[Image-caption web data]
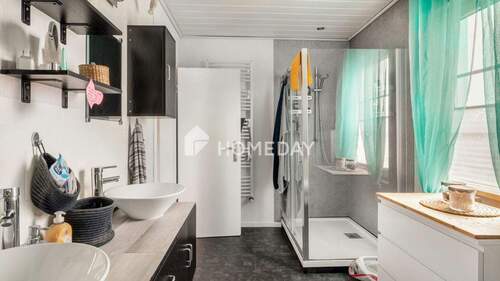 1. OG Badezimmer 2 - 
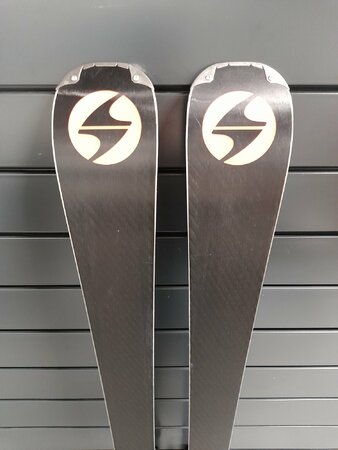 Testované lyže Blizzard Quattro Lmtd. 23/24 T8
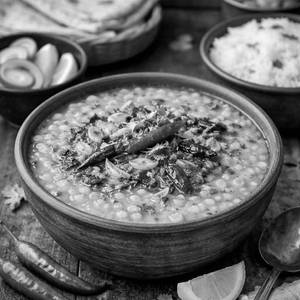 Lehsuni Dal Tadka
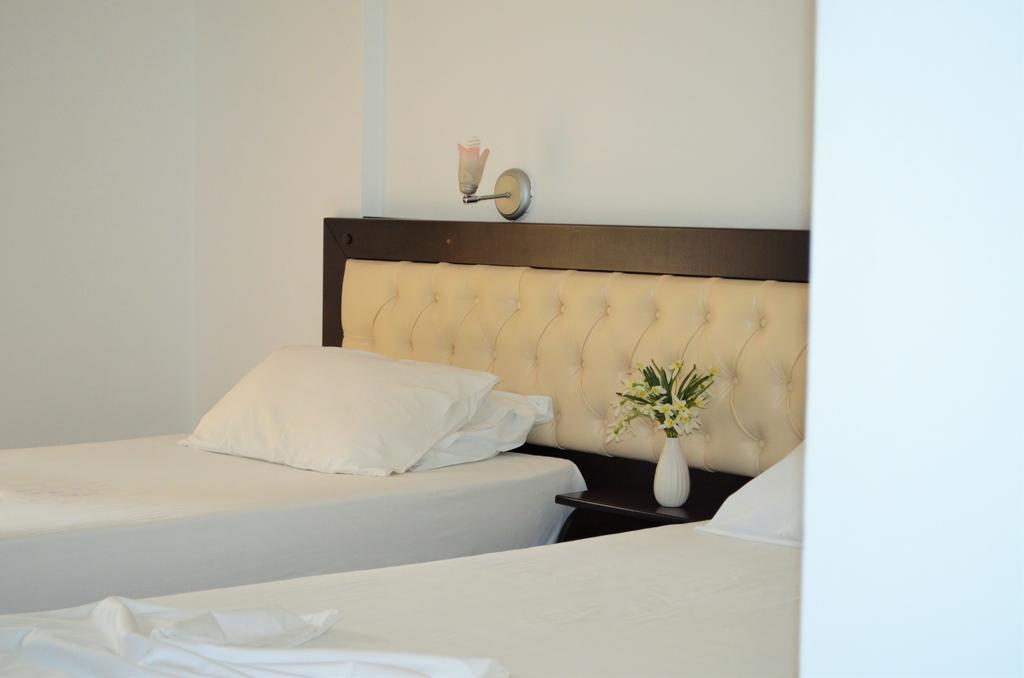 Jb Hotel Sarandë 外观 照片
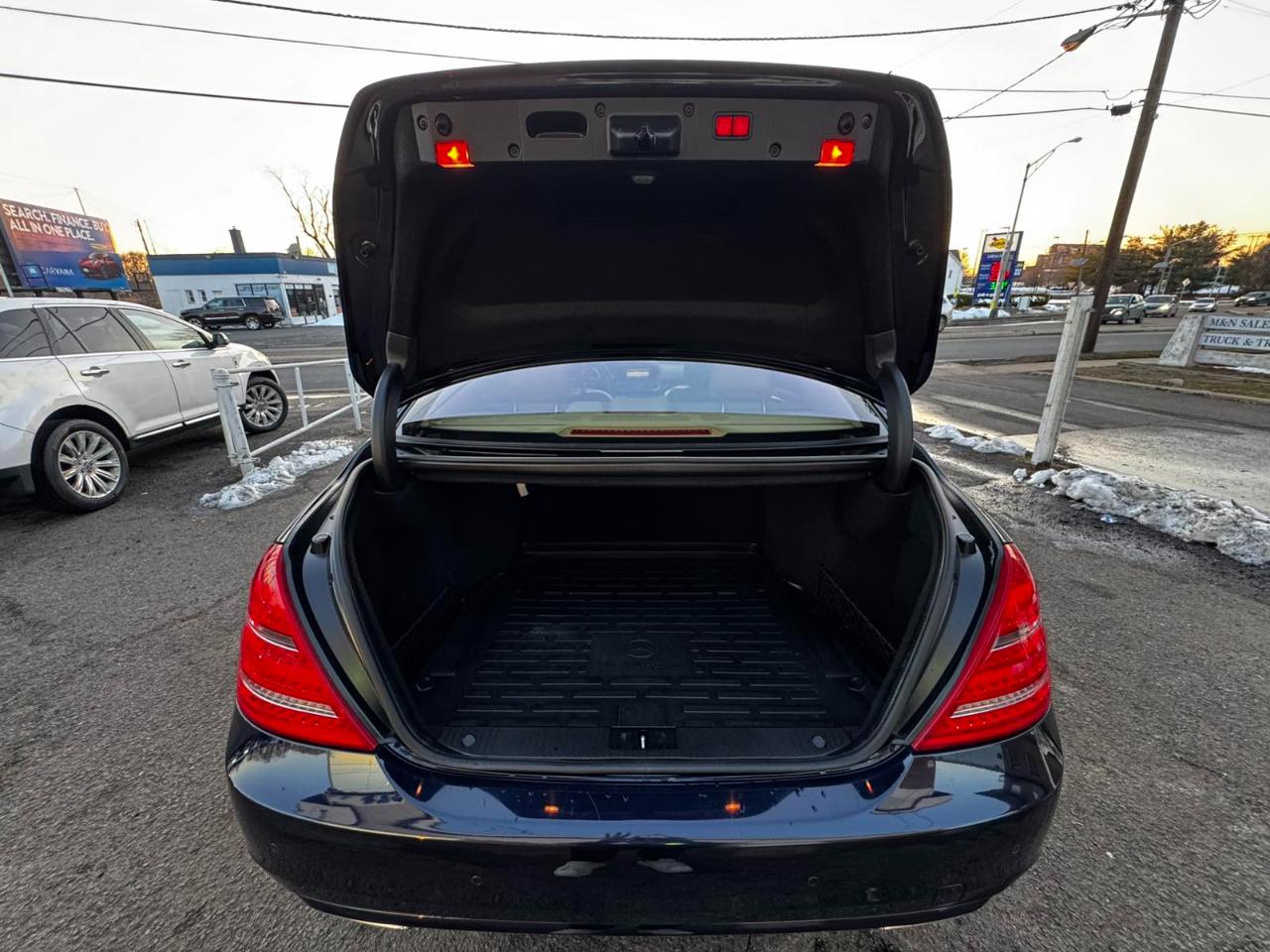 Mercedes-Benz S-Class 4dr Sdn S 550 4MATIC 2013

Work to complete
Leave the images behind and write out every entry exactly.

Completed exercise
 1. OG Badezimmer 2 - 
 Testované lyže Blizzard Quattro Lmtd. 23/24 T8
 Lehsuni Dal Tadka
 Jb Hotel Sarandë 外观 照片
 Mercedes-Benz S-Class 4dr Sdn S 550 4MATIC 2013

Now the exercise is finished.